→ Recorded information:
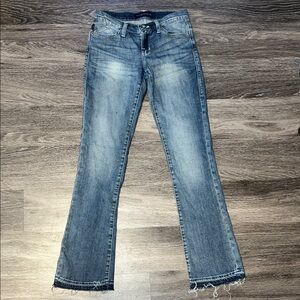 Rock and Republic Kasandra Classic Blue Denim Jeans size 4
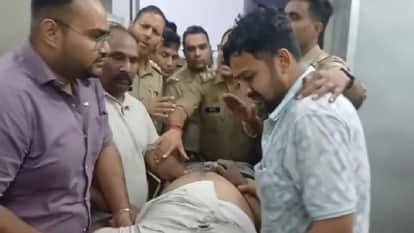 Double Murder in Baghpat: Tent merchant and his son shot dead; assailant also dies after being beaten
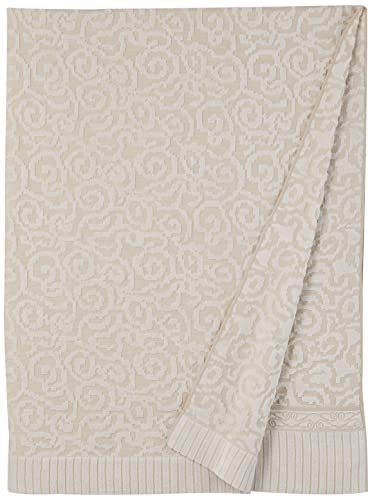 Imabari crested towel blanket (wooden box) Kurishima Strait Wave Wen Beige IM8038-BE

→ What you need to do:
The expected answer is the full listing above, transcribed exactly and without pictures.

→ Output of the task:
 Rock and Republic Kasandra Classic Blue Denim Jeans size 4
 Double Murder in Baghpat: Tent merchant and his son shot dead; assailant also dies after being beaten
 Imabari crested towel blanket (wooden box) Kurishima Strait Wave Wen Beige IM8038-BE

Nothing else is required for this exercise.